My Self-Imposed Reading List

I have begun a tear through biographies of the Founding Fathers. Some I have read already, some are new.

Last year, I read David McCullough’s stupendous achievement, John Adams.

But after Presidents Day, I made up a list – and have been racing on through it.

— I read a biography of Alexander Hamilton.

— I re-read the correspondence of John and Abigail Adams. Never fails to take my breath away.

— I read a biography of Thomas Jefferson (I know – there are so many out there – but I wanted a standard one – not a “let’s re-open the case of Thomas Jefferson” blah blah.

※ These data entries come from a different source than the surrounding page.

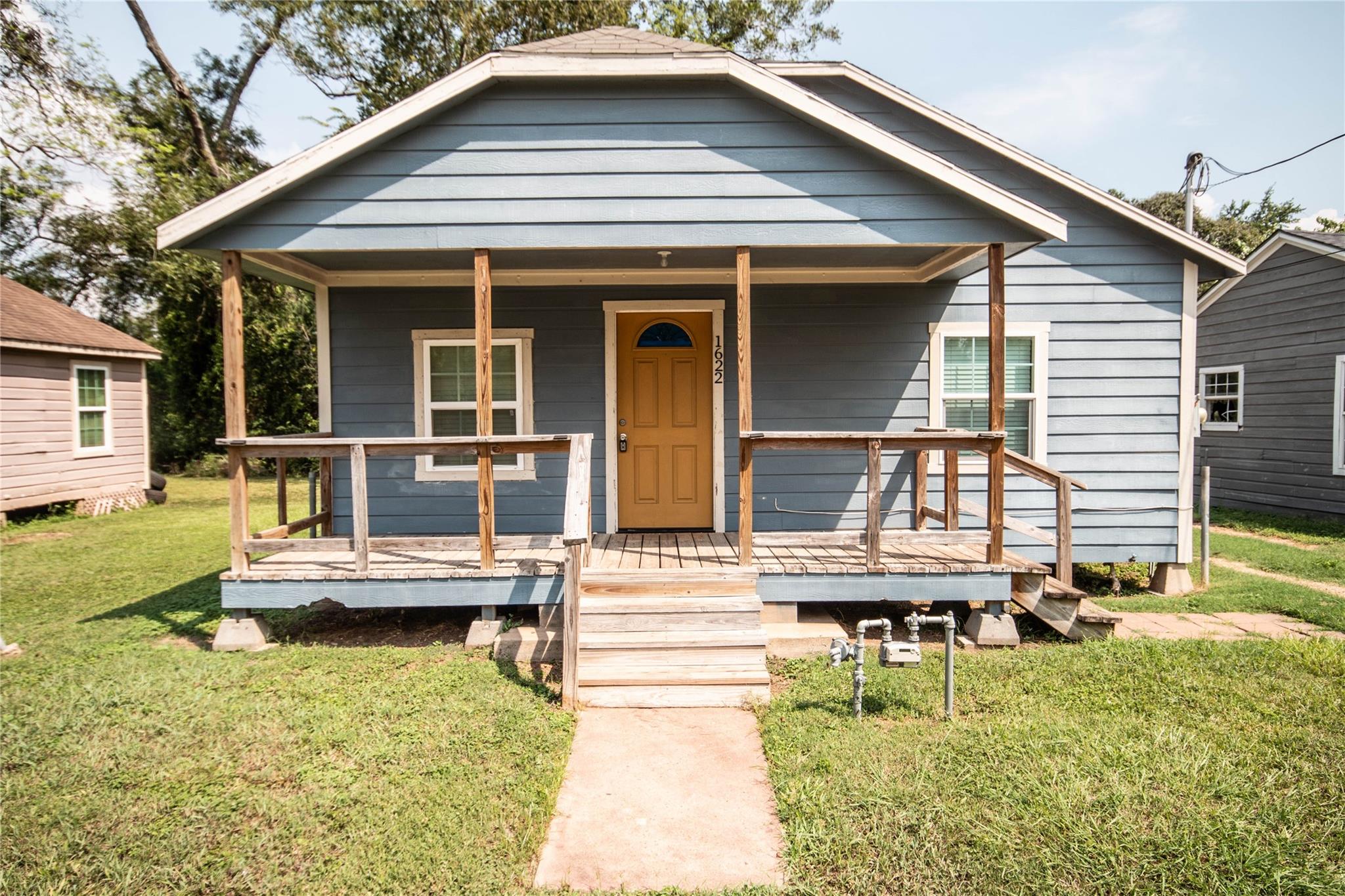 Blue-gray house with a mustard front door and broad covered wooden porch.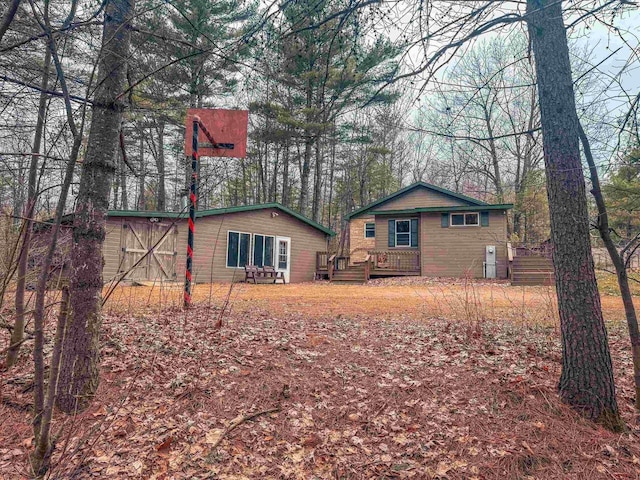 7589 Nose Lake Rd, Rhinelander, WI 54501 - rear view of house featuring a wooden deck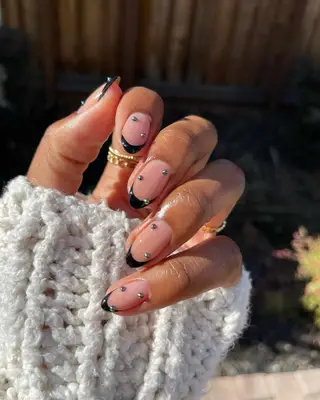 A French manicure with black tips, decorated with tiny silver pearls.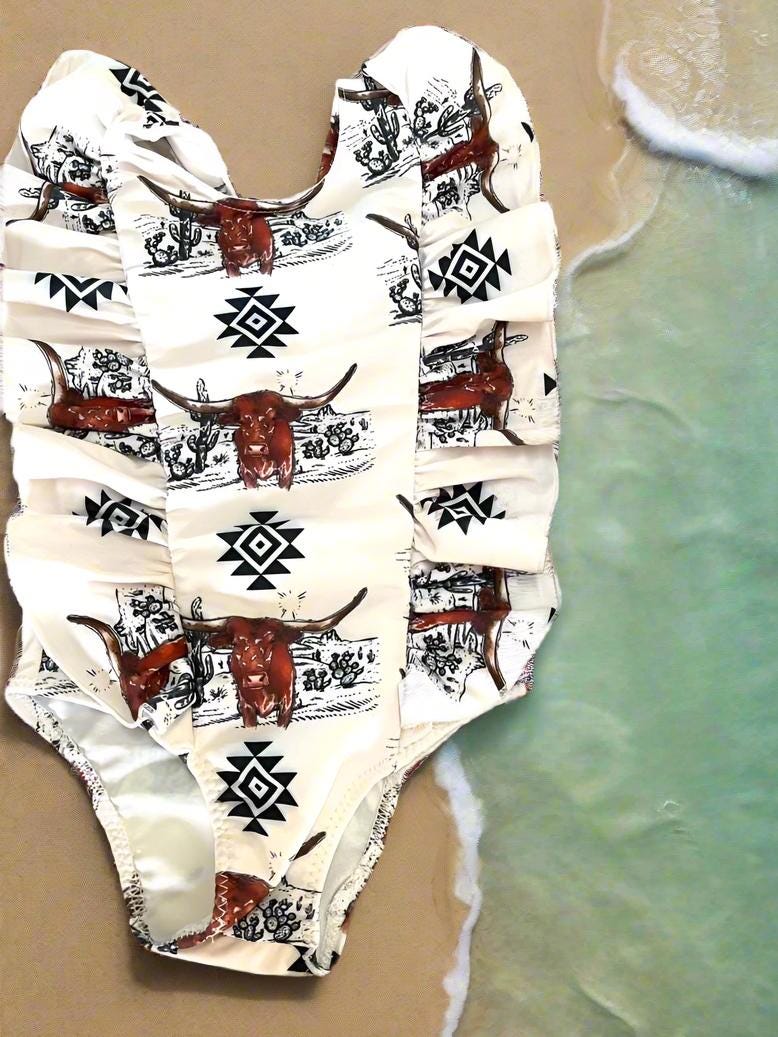 Western Swimsuits – Longhorn Steer Sibling Swimsuits. Get ready for summer with these Matching Swimsuits featuring a bold Longhorn Steer design! This black-and-white desert scene with a geometric touch is perfect for little cowboys and cowgirls who love Western style.
Cowboy Swim Trunks: Unlined for comfort, with a functional drawstring—also great as stylish day shorts!
Cowgirl Swimsuit: An adorable one-piece swimsuit with front ruffles fit for little rodeo queens!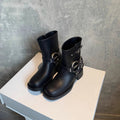 Pair of black ankle boots with buckle harness detail and low block heel displayed on a white pedestal against a textured grey backdrop._0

I wanted your basic biography without any axes to grind. I found one. Finished that last week.)

— This week, I started a biography of Ben Franklin. It is called The First American. He is blowing me away. How he basically tripped over the discovery of wind-surfing, at, like, the age of 13, because he didn’t want to stop flying his kite while he was swimming. He wanted to be able to do BOTH activities, simultaneously. Right now, he just moved to London for the first time, in the 1720s, on the false promises of some lying governor, who told him he would set him up as a printer in London … It all turned out to be a lie, the governor had no connections in London – but of course Ben Franklin, after struggling a bit, landed on his feet. But now he’s heading back to Philadelphia. I’ll probably talk more about what I’m learning in this biography at a later date.

After Ben?

I need to “do” George Washington.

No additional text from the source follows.